Segment Start: Material provided

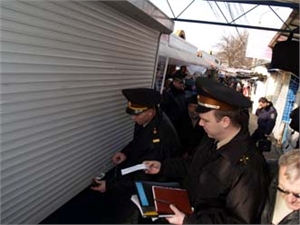 Власти города уже несколько раз пытались выгнать продавцов с рынка на улице Козлова. Фото пресс-службы ГУ МЧС Украины в АРК.
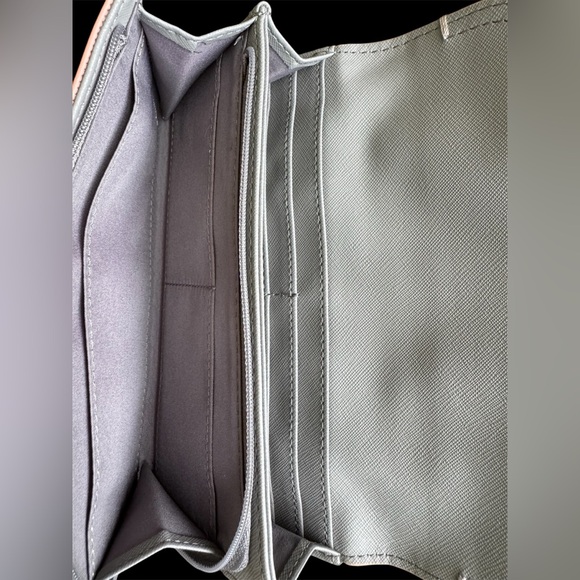 Fossil Pink Leather Women's Wallet / Clutch/ Organizer - Picture 11 of 16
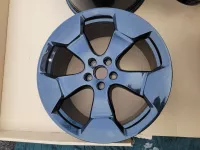 Sada disků Volkswagen ID.BUZZ - Stockton černé - přední 8x20 ET45 kód 1T3601025AB 10x20 ET58 kód 1T3601025AC Volkswagen OEM Sada disků Volkswagen ID.BUZZ - Stockton černé - přední 8x20 ET45 kód 1T3601025AB 10x20 ET58 kód 1T3601025AC Volkswagen OEM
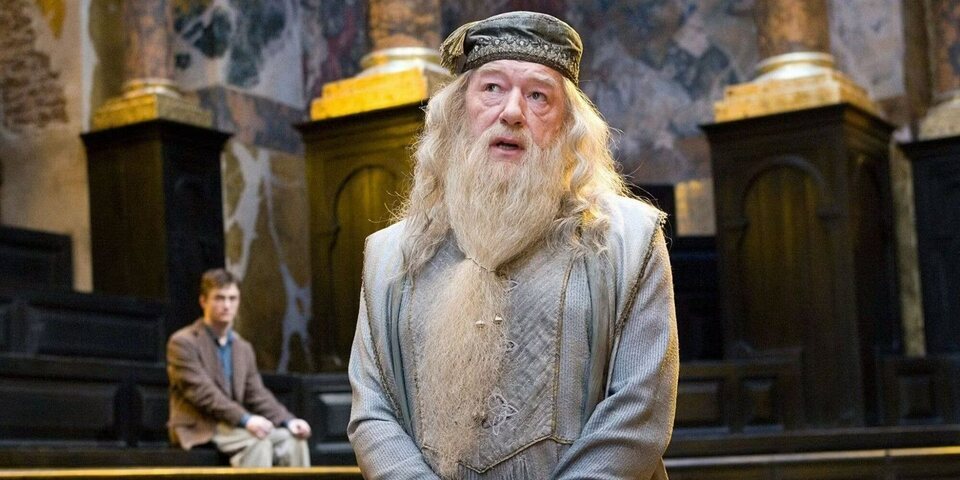 Michael Gambon como Dumbledore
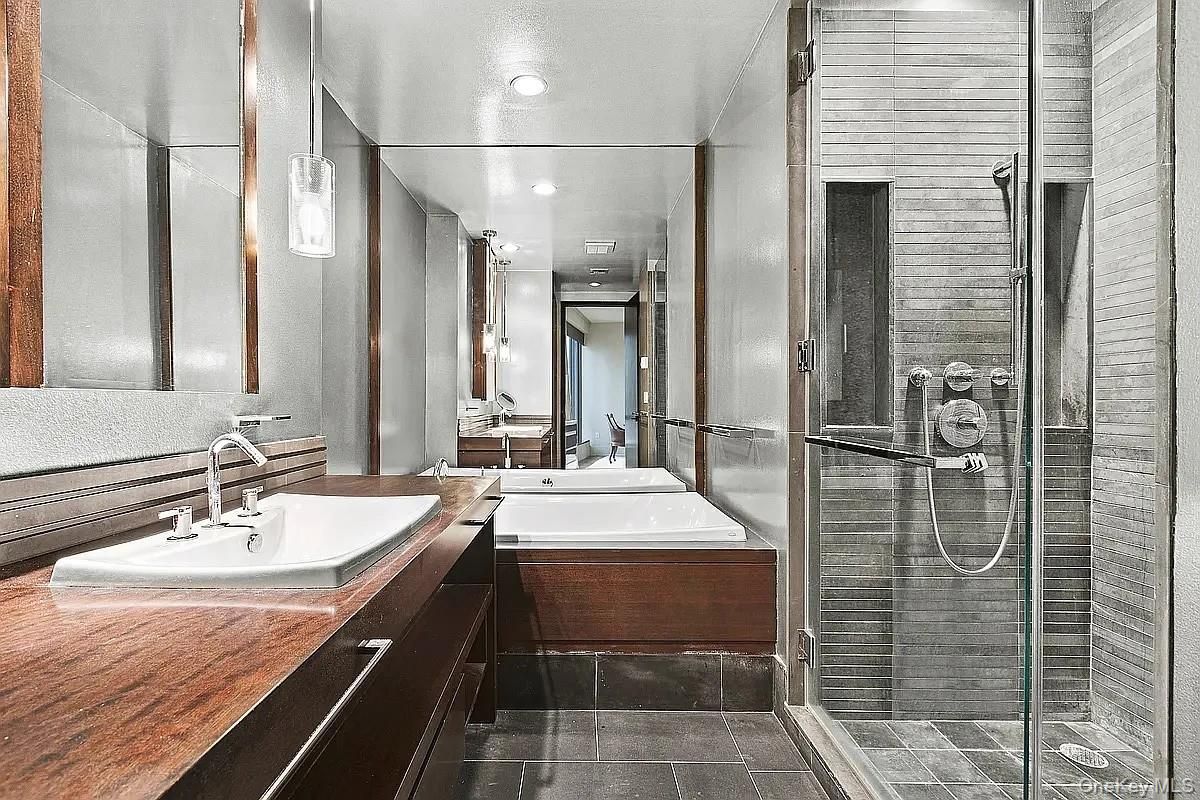 Photo for  Setai Wall Street  - 40 BROAD STREET Condominium in Financial District, Manhattan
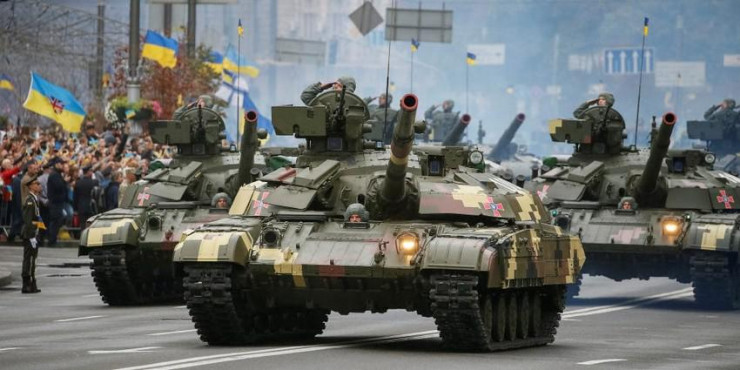 Xe tăng T-64 tại lễ duyệt binh Ngày Độc lập của Ukraine ở thủ đô Kiev hôm 24-8-2016. Ảnh: Gleb Garanich/REUTERS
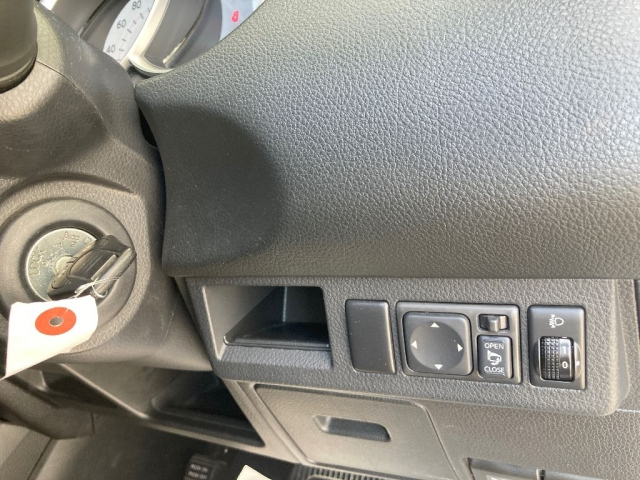 NISSAN TIIDA LATIO 2009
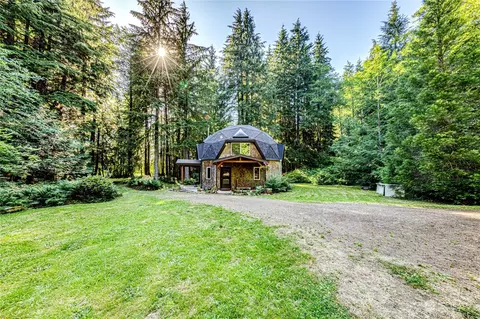 74 River Breeze Way, Beaver, WA 98305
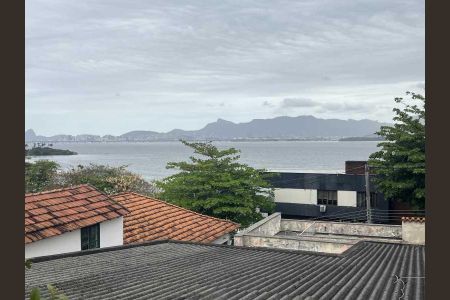 Casa à venda com 214m², 3 quartos e 4 vagas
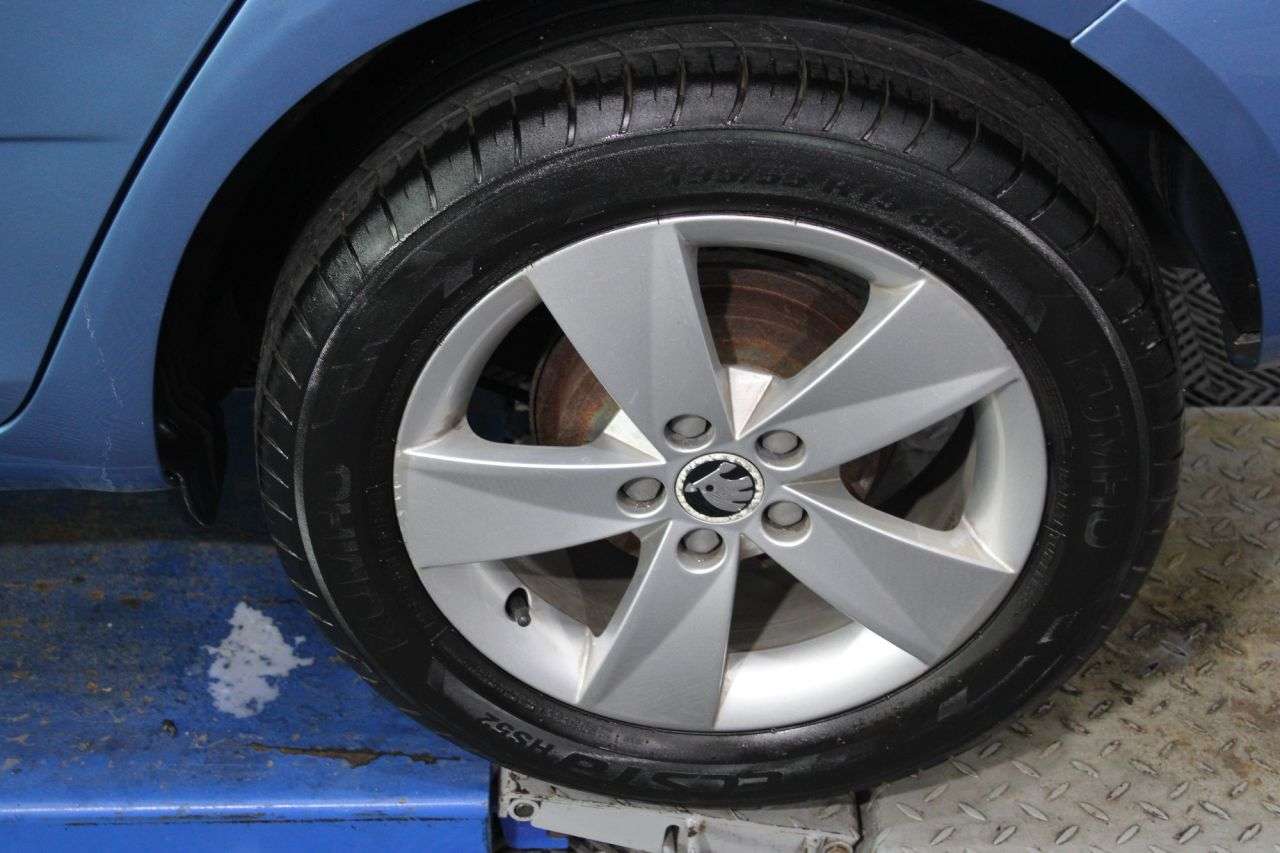 2014 SKODA FABIA 2014 SKODA FABIA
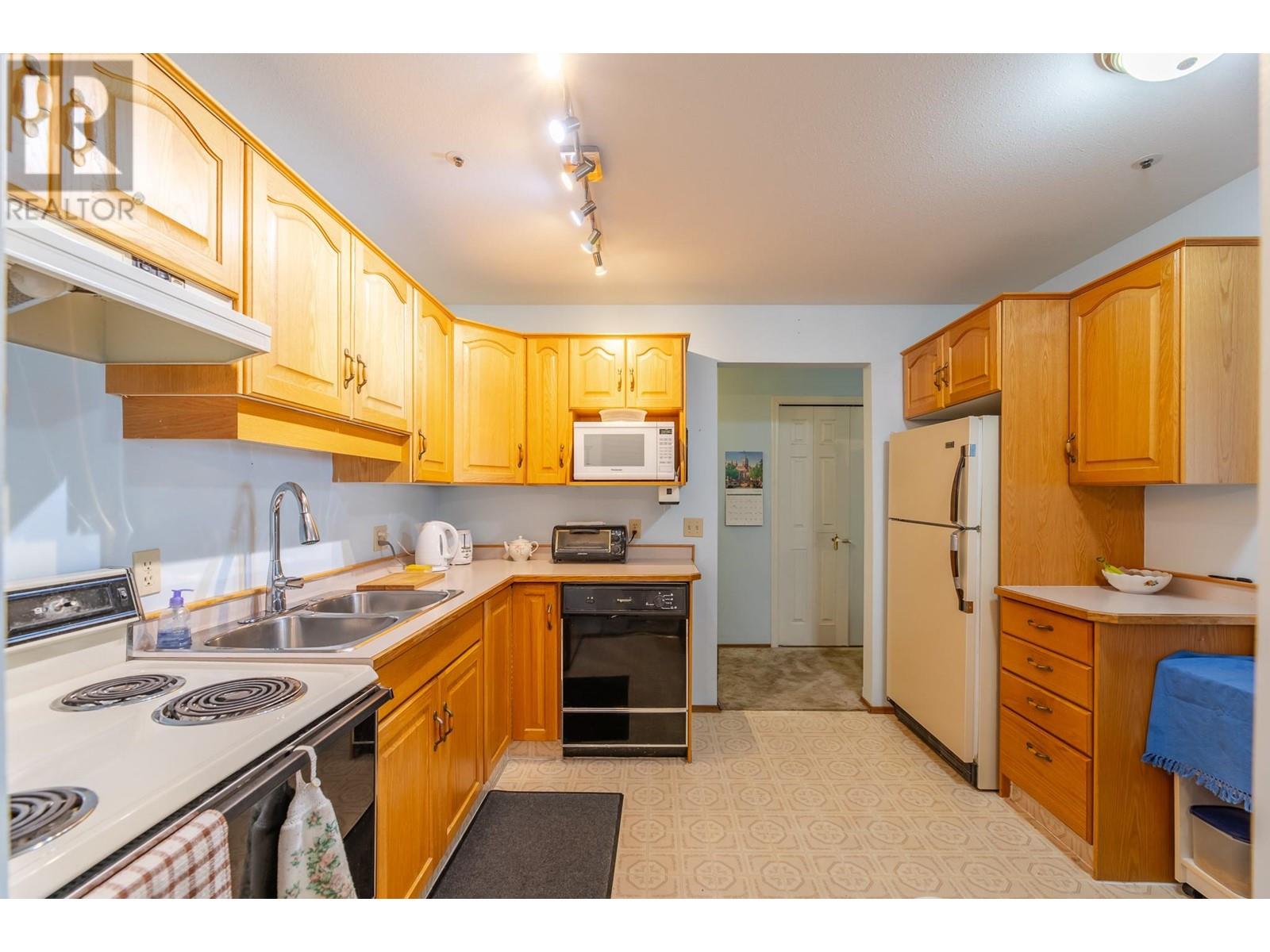 #206 920 ARGYLE STREET - Image 9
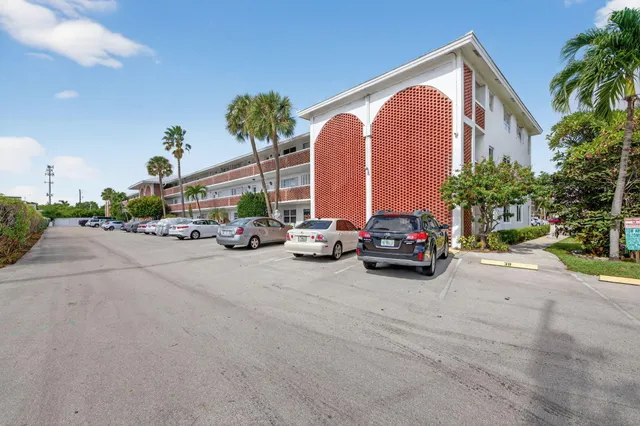 $169,000 | 2050 Northeast 39th Street, Unit S210, Lighthouse Point, FL 33064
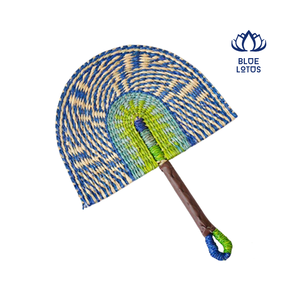 Abanico de mano tejido de hierba marina natural, hecho a mano, ecológico, refrescante, directo de fábrica en Vietnam - Product Image 1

Segment End: Material provided

*What is required:*
Once the pictures are set aside, retype the rest of the listing exactly.

*Output below:*
 Власти города уже несколько раз пытались выгнать продавцов с рынка на улице Козлова. Фото пресс-службы ГУ МЧС Украины в АРК.
 Fossil Pink Leather Women's Wallet / Clutch/ Organizer - Picture 11 of 16
 Sada disků Volkswagen ID.BUZZ - Stockton černé - přední 8x20 ET45 kód 1T3601025AB 10x20 ET58 kód 1T3601025AC Volkswagen OEM Sada disků Volkswagen ID.BUZZ - Stockton černé - přední 8x20 ET45 kód 1T3601025AB 10x20 ET58 kód 1T3601025AC Volkswagen OEM
 Michael Gambon como Dumbledore
 Photo for  Setai Wall Street  - 40 BROAD STREET Condominium in Financial District, Manhattan
 Xe tăng T-64 tại lễ duyệt binh Ngày Độc lập của Ukraine ở thủ đô Kiev hôm 24-8-2016. Ảnh: Gleb Garanich/REUTERS
 NISSAN TIIDA LATIO 2009
 74 River Breeze Way, Beaver, WA 98305
 Casa à venda com 214m², 3 quartos e 4 vagas
 2014 SKODA FABIA 2014 SKODA FABIA
 #206 920 ARGYLE STREET - Image 9
 $169,000 | 2050 Northeast 39th Street, Unit S210, Lighthouse Point, FL 33064
 Abanico de mano tejido de hierba marina natural, hecho a mano, ecológico, refrescante, directo de fábrica en Vietnam - Product Image 1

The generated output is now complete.